[Captioned web images]
● ● ● ●

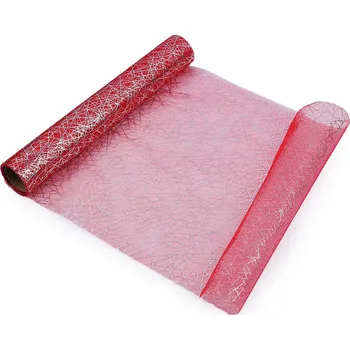 Krajka Tyl dekorační s potiskem šíře 36 cm, barva 4 červená stříbrná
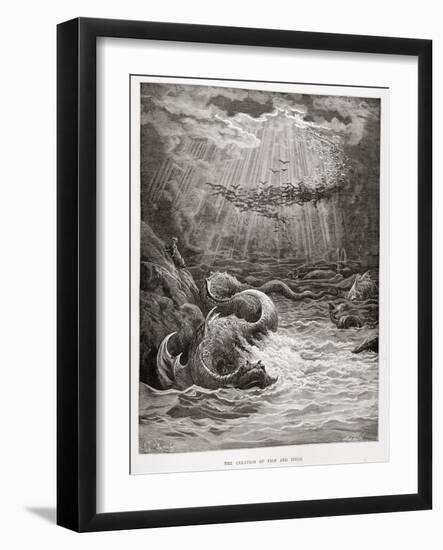 The Creation of Fish and Birds, from Paradise Lost by John Milton (1608-74) Engraved by Collon…-Gustave Doré-Framed Giclee Print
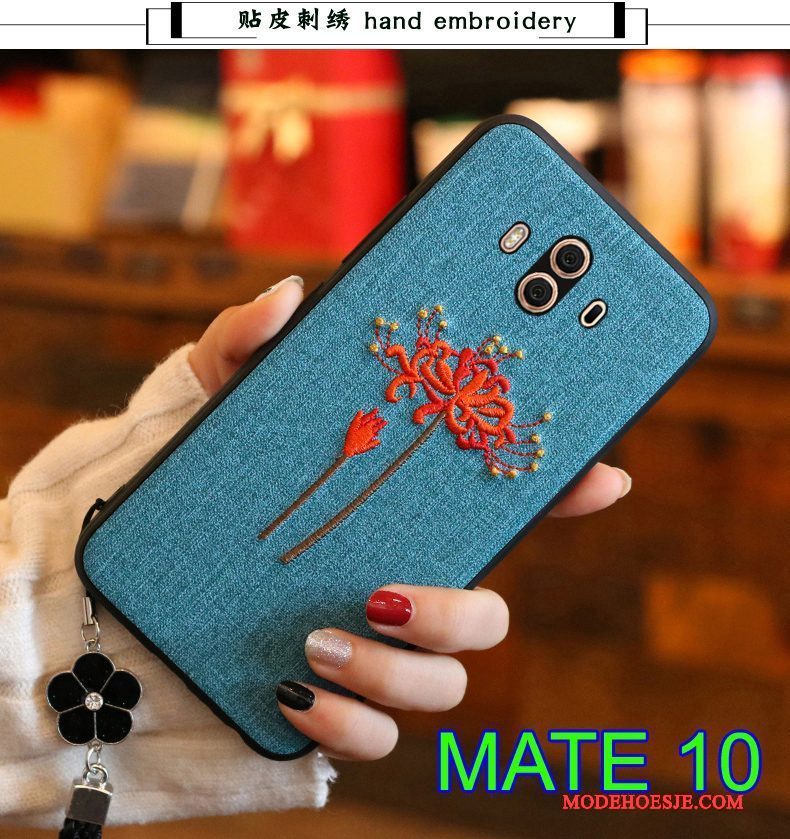 Hoesje Huawei Mate 10 Siliconen Donkerblauwtelefoon, Hoes Huawei Mate 10 Bescherming Achterklep Borduurwerk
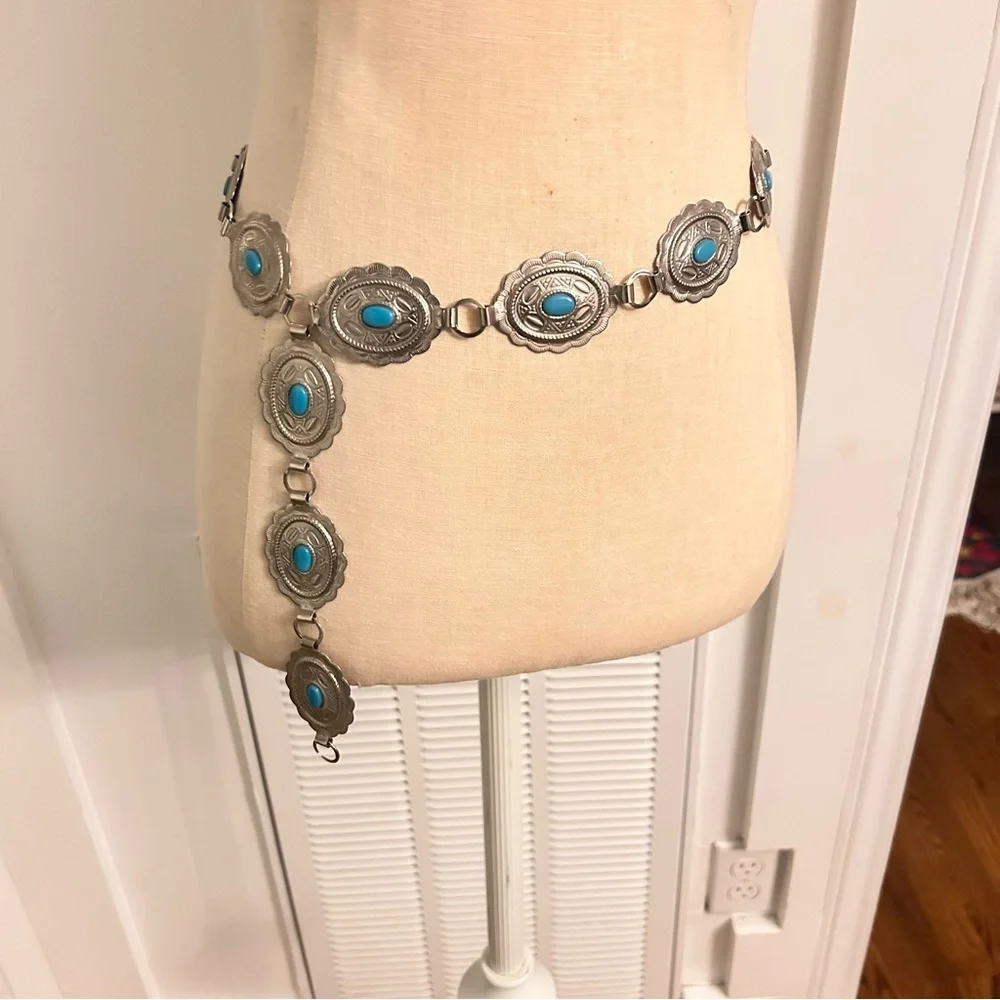 Silver and faux Turquoise Concho adjustable Belt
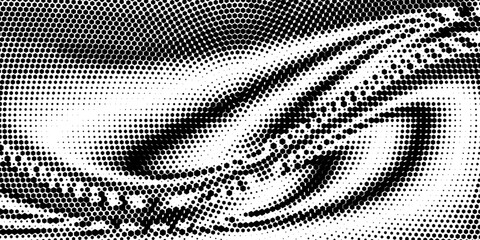 Abstract halftone wave dotted background. Futuristic twisted grunge pattern, dot, circles.  Vector modern optical pop art texture for posters, business cards, cover, labels mock-up, stickers layout © wahyu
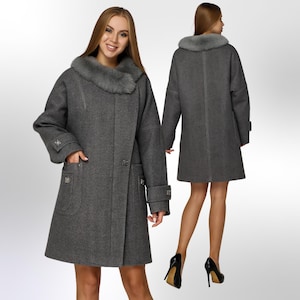 Gray Wool Coat Women Fur Fox Collar Пальто П-1219 н/м Шерсть пальтовая W7-18145 Тон 25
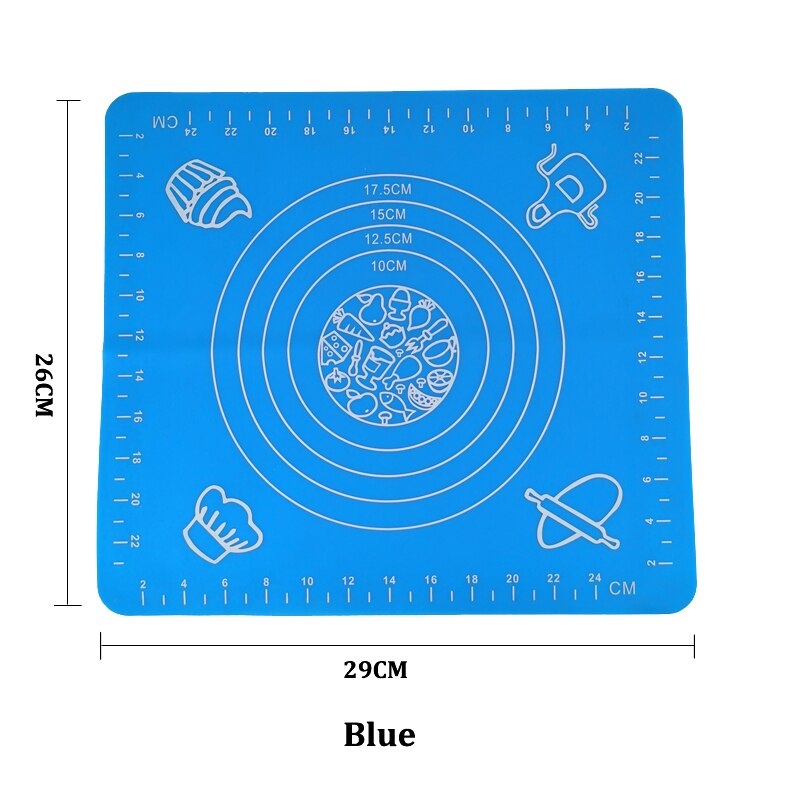 Silicone Baking Mat Thickening Flour Rolling Scale Mat Kneading Dough Pad Baking Pastry Rolling Mat Bakeware Liners: A- Blue - 29 x 26cm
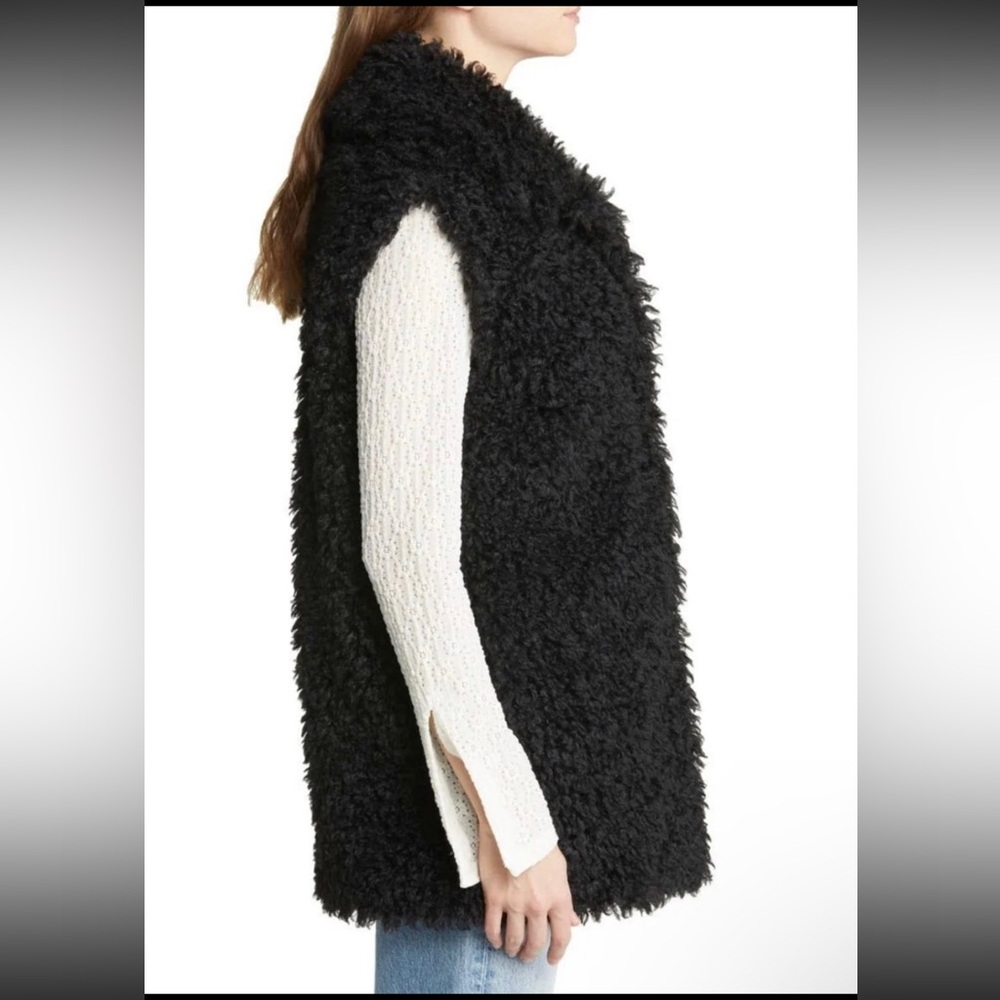 NWT UGG Women Tammie Faux Fur Long Vest In Black - Picture 3 of 11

● ● ● ●

■ What the task requires
Going by the data above, the answer is exactly the lines from the one holding "The Creation of" to the one holding "Silver and faux", both kept, with the pictures left out.

■ Completed task
 The Creation of Fish and Birds, from Paradise Lost by John Milton (1608-74) Engraved by Collon…-Gustave Doré-Framed Giclee Print
 Hoesje Huawei Mate 10 Siliconen Donkerblauwtelefoon, Hoes Huawei Mate 10 Bescherming Achterklep Borduurwerk
 Silver and faux Turquoise Concho adjustable Belt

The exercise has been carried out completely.